Яков Эммануилович Голосовкер

Целеустремленность неинтересна, когда в ней чувствуется или явен расчет или фанатизм. Фанатик возбуждает только мгновенное любопытство, как крокодил, ползущий по Арбату, но он не интересен. Он отталкивает. Отталкивающее неинтересно, но оно не оставляет равнодушным: его бранят, его хотят убрать из жизни. «Интересное» не хотят убрать из жизни, как скучный роман с прилавка: наоборот, — его хотят вовлечь в жизнь, потому что оно «живое». Скучное же делает жизнь скучной. Скучное — необязательно старый угол с паутиной на покое. В таком углу может быть поэзия старины. Скучное может быть и действием: например, долбление. Непрерывное долбление одного и того же слова нагоняет скуку: привычка у маленьких детей, вызывающая сердитый окрик матери: «Чего ты долбишь!» Но долбление распространено не только у детей. Проповедник, который, проповедуя, долбит одно и то же; ученик, который долбит урок, или студент, который долбит лекцию, также нагоняет скуку. Также газета, которая ежедневно долбит одно и то же, может «продолбить» читателя. Поэтому она прибегает к пряным и острым приправам — к сенсациям, иначе она будет насмерть скучна. Скуку презирают. «Выдолбил» — замечание презрительное: отсутствие собственной мысли. Скука идиллической жизни Афанасия Ивановича и Пульхерии Ивановны не вызывает презрения, потому что она трогательна. Трогательность спасает в литературе скуку. Эстетическую категорию «трогательное» понимали сентименталисты и Гёте: взять хотя бы его идиллию «Герман и Доротея». Феокрит это понимал не всегда: он часто нам скучен. Скучен резонер — отрицательный персонаж комедии: Интересным для зрителя или читателя его делает насмешка — юмор автора. Скучно все автоматическое. Сперва оно вызывает удивление и даже восторг — а затем вызывает равнодушие и даже нас морально раздражает. Восторги интеллекта без участия сердца и воображения, то есть высшего инстинкта культуры, — скоропреходящие восторги.

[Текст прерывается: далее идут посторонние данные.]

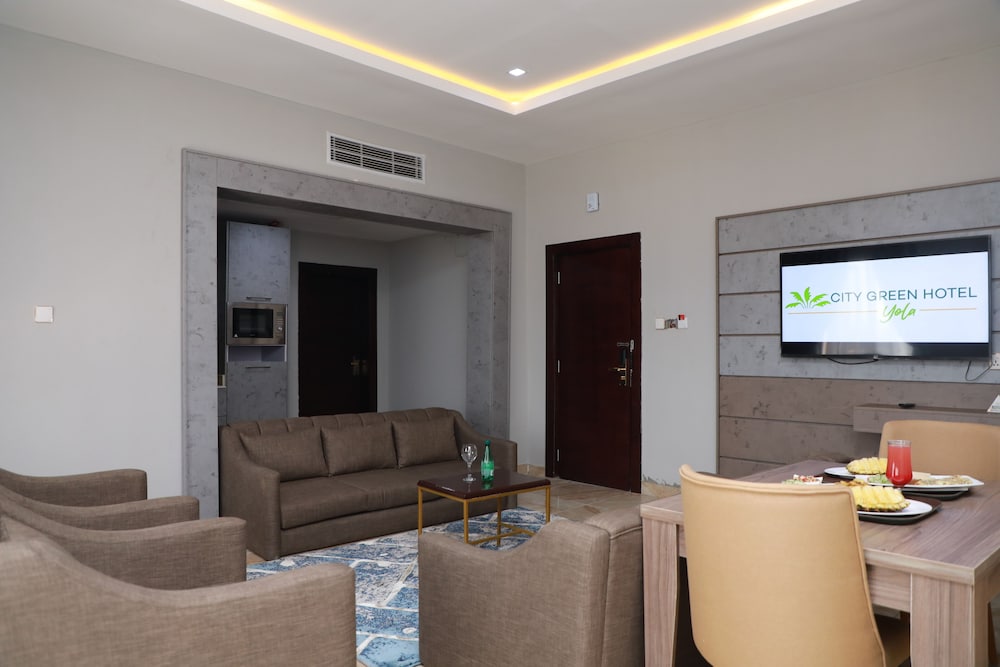 Presidential Double Room Single Use, 1 Bedroom, Accessible, Courtyard View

Мысль человека очень горда. Она духовно гордится своей свободой, которую она сама же себе постулирует по инстинкту — по имагинативному инстинкту. Постулирует ее, свободу, невероятная мощь человеческого воображения. Автоматика же в принципе — антисвобода, невзирая на то, что современная чудо-автоматика облегчает труд человека и ускоряет цивилизаторский успех. Созданная мыслью человека, автоматика унижает самую же мысль: своей претензией превзойти и заменить мысль и ее свободу, опираясь на превосходство скорости механического процесса. Автоматика тоже гордится, но ее гордость — спесь, а не духовная гордость. Эта спесь забывает, что породившая ее, автоматику, мысль может ее мгновенно уничтожить и что все сложные процессы ее связей, готовьте прошлым перегнать будущее и им управлять — ничто перед мощью идеи, которую рождает мысль — воображение человека.

Все чудеса автоматики заключены в смыслообразе (идее) нашего имагинантного рассудка, то есть той свободной мысли, которая создает культуру вместе с ее цивилизаторской технической миссией. Три легендарных волжских старца Толстого, которые знали только одну молитву «Трое вас, трое нас, помилуй нас» и ходили босыми по водам, догоняя пароход, они, — как смыслообраз, дороже человеческому сердцу и человеческой мысли, чем все победоносные суда с атомными двигателями, проникающие в Антарктику и готовые врезаться в почву Венеры и Марса. Они только песчинки человеческого гения, гения Мысли, в то время как хождение трех старцев по водам есть сам гений. Он есть то, что мы именуем «духом», абсолютом воображения — та глубокая тайна знания, упрощенным смыслообразом которой воспользовался Толстой.